Pure economic theories are incapable of analyzing economic growth and capitalist development together with political implications. Two theories provided an interesting perspective on how economic structures precluded democratizing incentives for the political regimes in Kazakhstan and Uzbekistan. I argued that Foucault's notion of ‘governmentality’ provides a coherent explanation of the entrenched authoritarianism in two Central Asian regimes. Echoing findings of the RC and VoC paradigms, economic structure created impediments for democracy in Central Asia. Kazakhstan that adopted ‘shock therapy’ path towards liberal market economy, perceives itself as a manager of the population. Its economic structure is based on resource extraction of rents that are redistributed through patronage networks. Authoritarian durability of the regime stems from the support of the large financial-industrial groups and ability to accrue wealth by the private actors unaffiliated with the state. In Uzbekistan, the situation is different. ‘Gradual’ way of reforms put Uzbek state into dominant paternalistic position. High concentration of enterprises in government's hands precludes development of SMEs and retains large portions of labor force dependent on state support. As a result, the regime in Uzbekistan functions as a redistribution mechanism providing salaries to the majority of population. In addition, persistence of rural population engaged in cotton production decreases uncertainty over revenues when the state provides subsidies and support regardless of international commodity prices and/or labor productivity. Under such conditions, democratization, i.e change of leadership, threatens the benefits of people within government hierarchies and those dependent on it.

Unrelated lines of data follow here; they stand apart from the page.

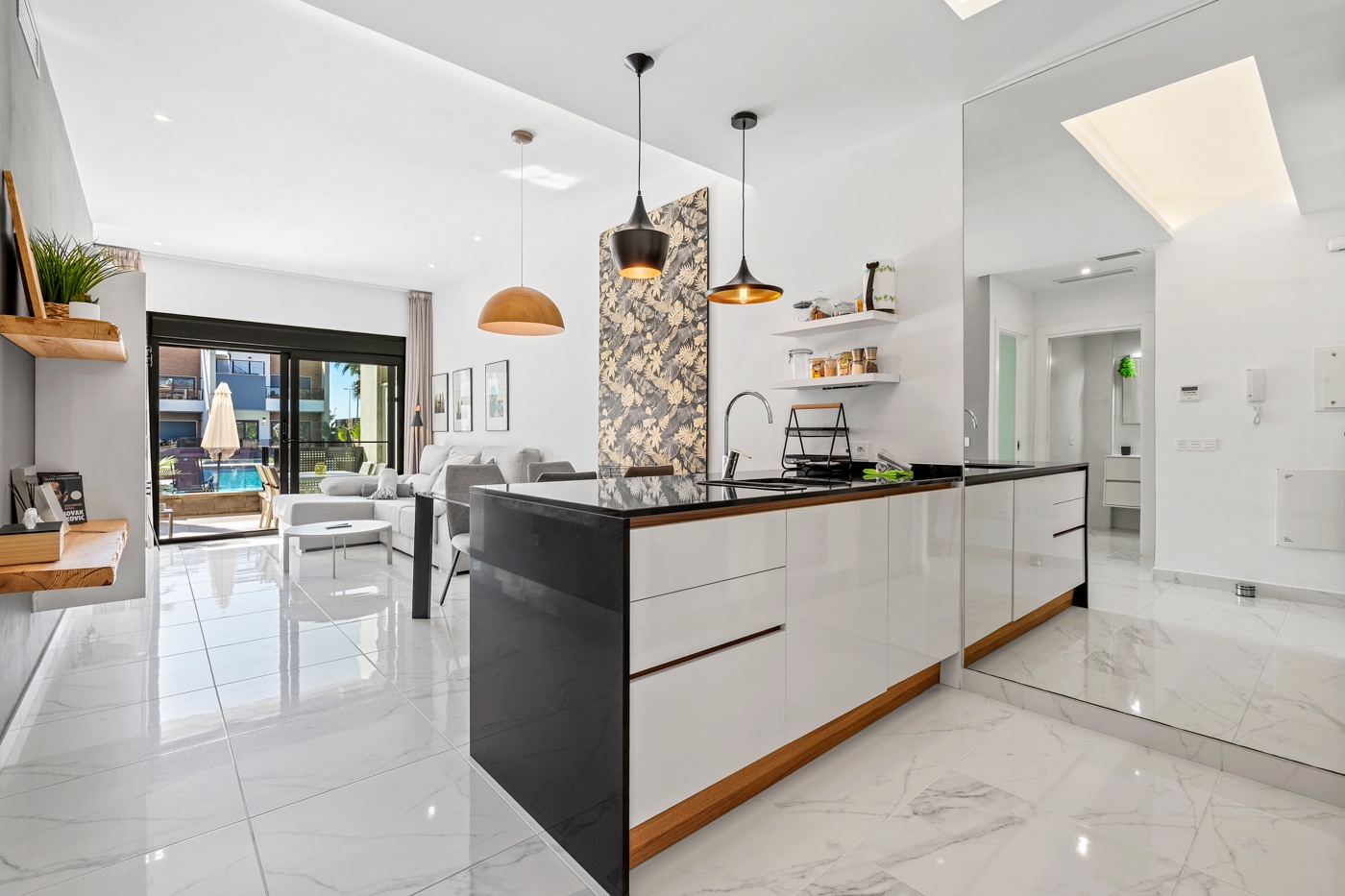 For Sale - 2 Bedroom 2 Bathroom Apartment - Top Floor Apartment in Guardamar del Segura - El Raso  - Alicante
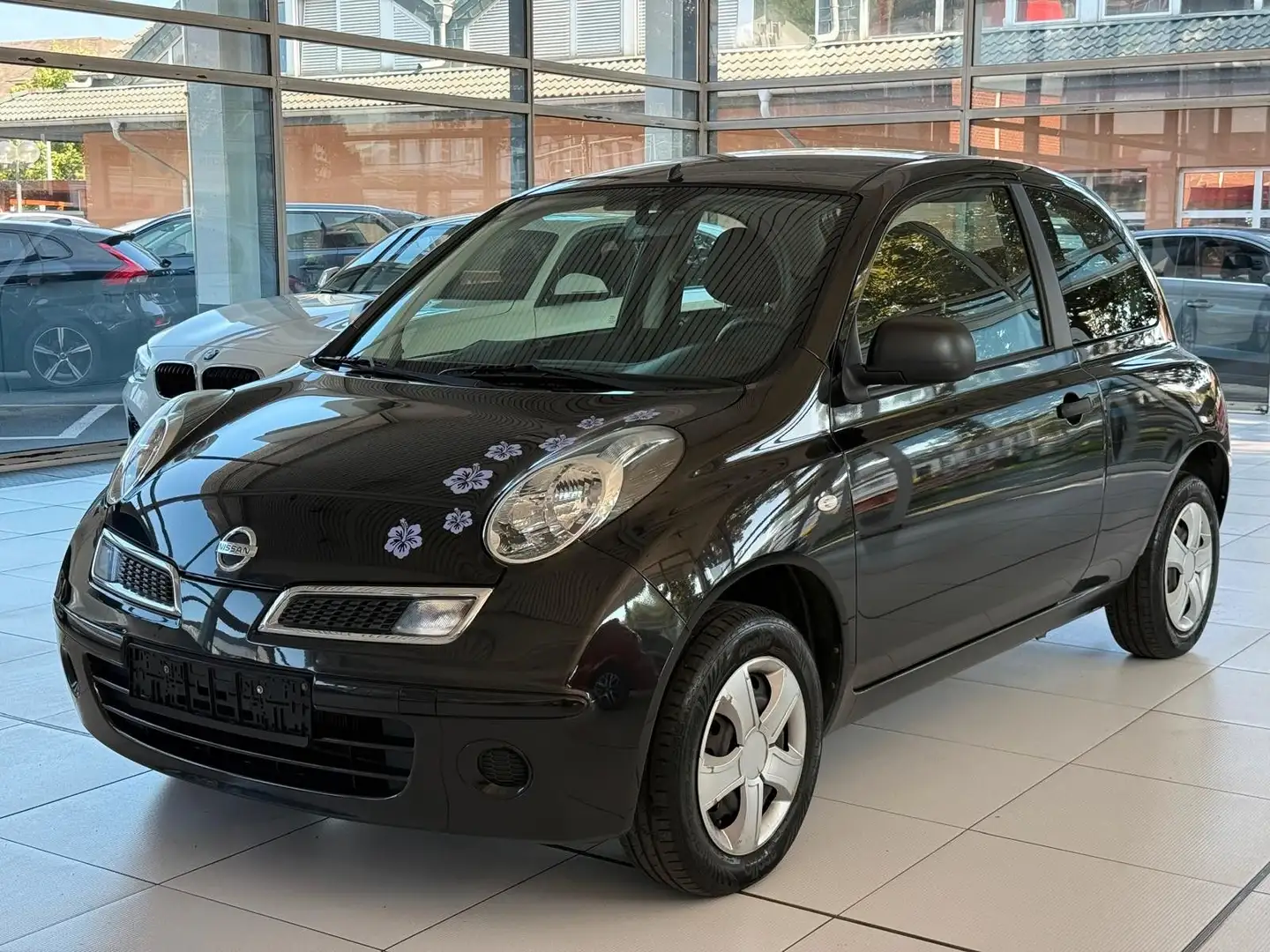 Nissan Micra Visia Schwarz - 2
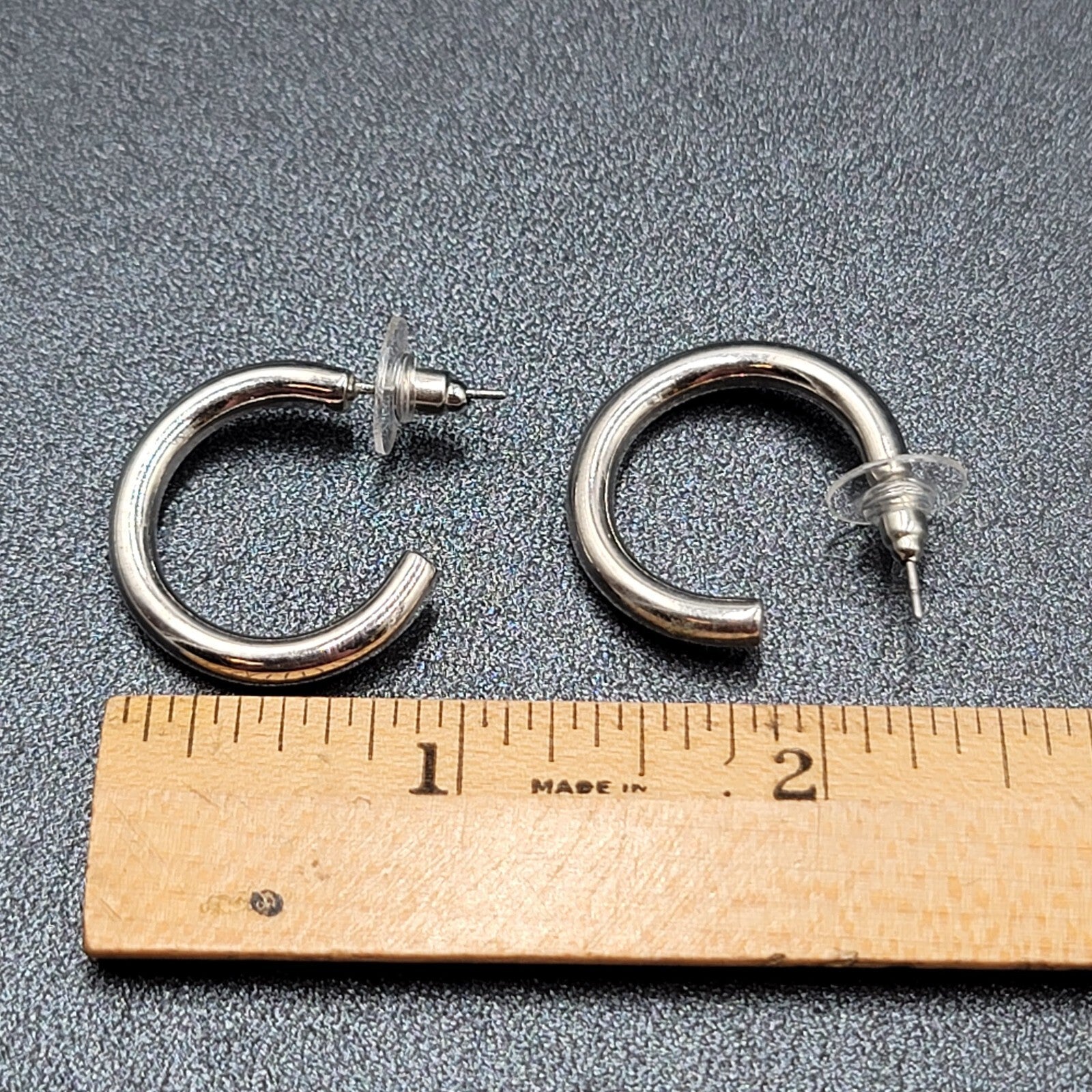 Pierced Earrings Silver tone Round Solid Hoops 1"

However, these views seemed incomplete without discursive practices that followed economic regulation. M. Foucault's idea of governmentality, the ethos with which government approaches regulation informs not only the way economic reforms communicated to the population, but also the way they are coordinated through the bureaucracy, which requires additional research. It also explains the nature of the political realm that government wants to achieve where democracy is restricted not only by the economic structure, but also by the discursive strategies that point to the economic success of the authoritarian regimes in exchange for authoritarian durability. This article claimed that the governmentality framework would not have been valid without economic background and examination of politics because in countries where economic development is the sole legitimating principle for both regimes, economy becomes more important but also highly politicized. The path to the economic liberalization is crucial not only for the authoritarian durability of the ruler, but also to the overall economic and political nature in both states.